Work instructions
Each line of the data below from the one holding "Peu Roda Sneakers" to the one holding "Gepolsterte Herrenjacke mit", inclusive, is to be reproduced exactly; no other line belongs in the answer.

Extracted material
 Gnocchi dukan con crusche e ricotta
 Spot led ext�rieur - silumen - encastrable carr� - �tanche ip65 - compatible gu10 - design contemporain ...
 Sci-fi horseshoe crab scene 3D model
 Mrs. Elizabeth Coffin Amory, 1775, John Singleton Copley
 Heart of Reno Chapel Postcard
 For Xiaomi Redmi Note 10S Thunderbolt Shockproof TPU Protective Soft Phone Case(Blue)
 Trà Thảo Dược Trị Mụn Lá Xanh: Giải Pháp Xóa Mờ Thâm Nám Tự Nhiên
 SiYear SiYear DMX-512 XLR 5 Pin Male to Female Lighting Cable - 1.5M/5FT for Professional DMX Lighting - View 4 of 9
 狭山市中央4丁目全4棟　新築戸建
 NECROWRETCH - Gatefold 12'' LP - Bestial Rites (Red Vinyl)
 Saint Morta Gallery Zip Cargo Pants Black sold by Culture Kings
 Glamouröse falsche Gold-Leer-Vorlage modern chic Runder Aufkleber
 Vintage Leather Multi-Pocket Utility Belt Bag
* * *
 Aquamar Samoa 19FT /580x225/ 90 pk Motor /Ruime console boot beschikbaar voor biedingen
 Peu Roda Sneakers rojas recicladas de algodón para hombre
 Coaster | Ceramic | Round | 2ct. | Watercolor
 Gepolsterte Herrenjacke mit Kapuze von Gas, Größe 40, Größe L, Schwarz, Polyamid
---
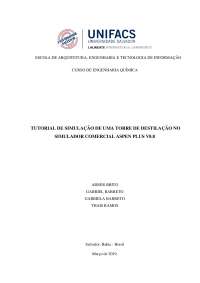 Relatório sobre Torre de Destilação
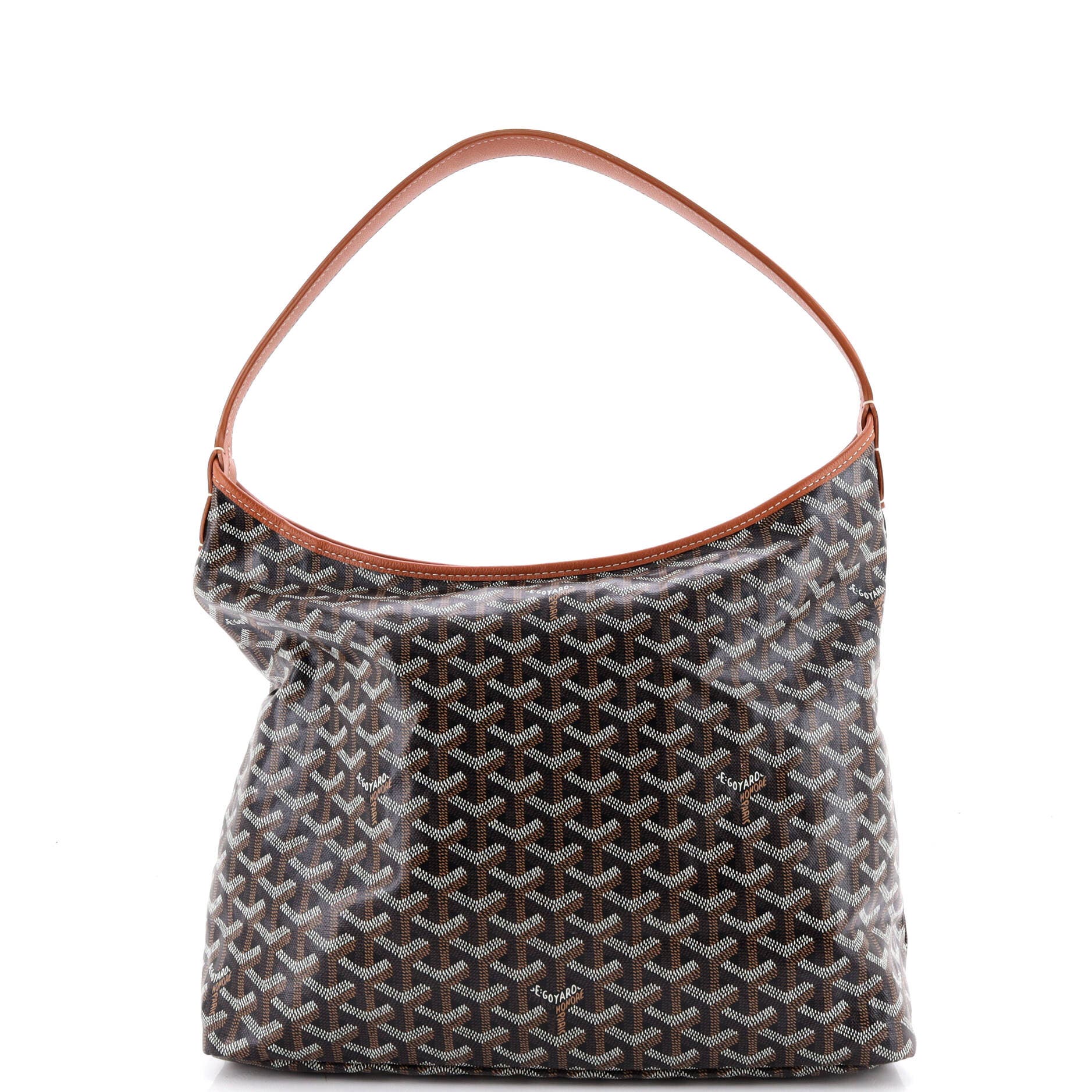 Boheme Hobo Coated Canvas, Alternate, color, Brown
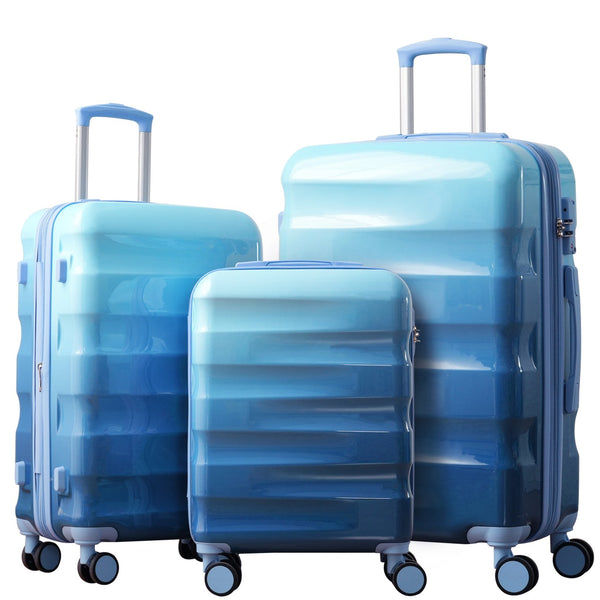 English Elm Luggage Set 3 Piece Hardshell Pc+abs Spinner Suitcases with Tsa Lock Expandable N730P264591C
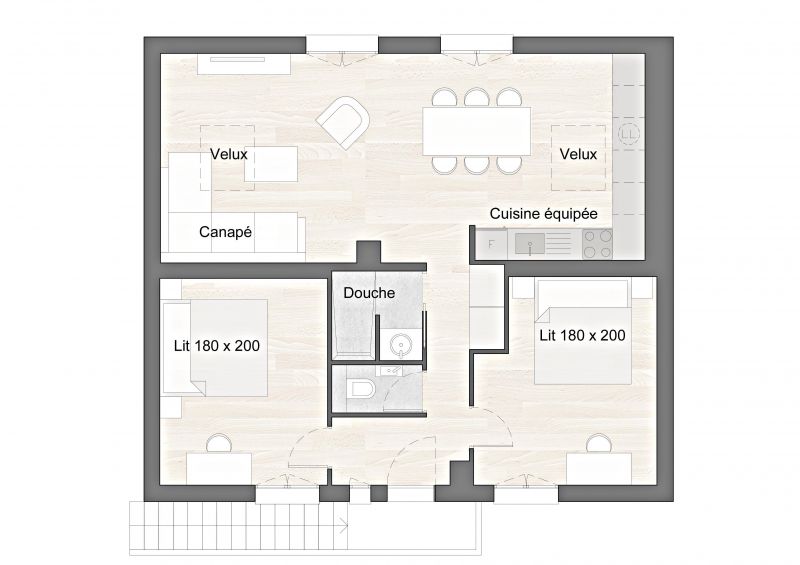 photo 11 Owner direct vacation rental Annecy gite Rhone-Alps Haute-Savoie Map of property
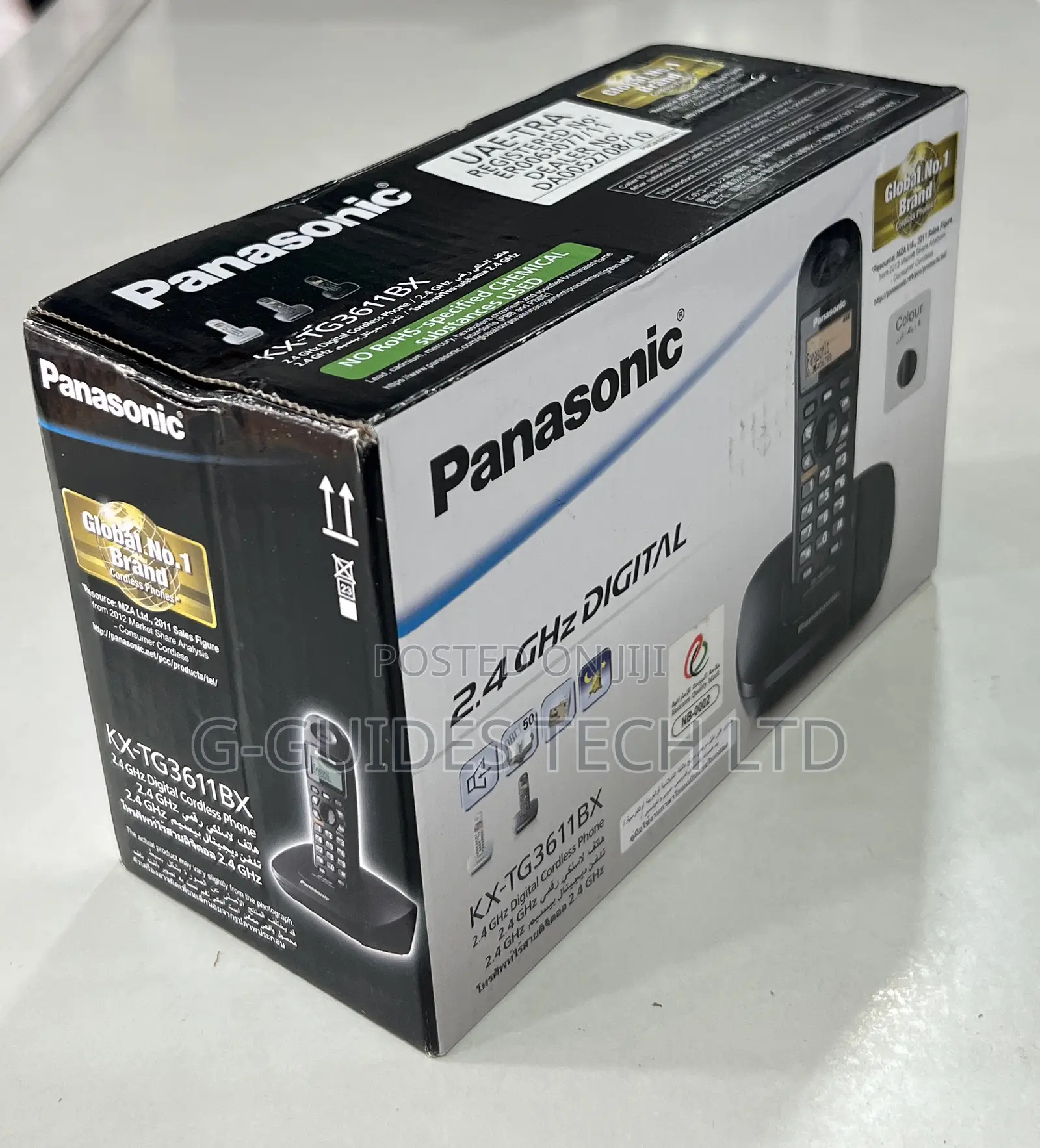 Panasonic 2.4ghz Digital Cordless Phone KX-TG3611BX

Task answer
 Peu Roda Sneakers rojas recicladas de algodón para hombre
 Coaster | Ceramic | Round | 2ct. | Watercolor
 Gepolsterte Herrenjacke mit Kapuze von Gas, Größe 40, Größe L, Schwarz, Polyamid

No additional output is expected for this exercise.